→ WHAT YOU SHOULD DO: Take the data that sits below and write it out again exactly.

------------

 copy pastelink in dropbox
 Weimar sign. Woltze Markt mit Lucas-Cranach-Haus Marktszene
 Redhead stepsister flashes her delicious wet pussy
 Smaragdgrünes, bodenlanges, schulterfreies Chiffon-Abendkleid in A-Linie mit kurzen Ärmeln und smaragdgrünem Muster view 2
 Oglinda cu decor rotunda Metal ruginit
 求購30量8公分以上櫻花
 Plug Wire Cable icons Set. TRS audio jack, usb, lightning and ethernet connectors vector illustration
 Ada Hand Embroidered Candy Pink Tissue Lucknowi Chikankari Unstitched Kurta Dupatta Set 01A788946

------------

→ TASK ANSWER:
 copy pastelink in dropbox
 Weimar sign. Woltze Markt mit Lucas-Cranach-Haus Marktszene
 Redhead stepsister flashes her delicious wet pussy
 Smaragdgrünes, bodenlanges, schulterfreies Chiffon-Abendkleid in A-Linie mit kurzen Ärmeln und smaragdgrünem Muster view 2
 Oglinda cu decor rotunda Metal ruginit
 求購30量8公分以上櫻花
 Plug Wire Cable icons Set. TRS audio jack, usb, lightning and ethernet connectors vector illustration
 Ada Hand Embroidered Candy Pink Tissue Lucknowi Chikankari Unstitched Kurta Dupatta Set 01A788946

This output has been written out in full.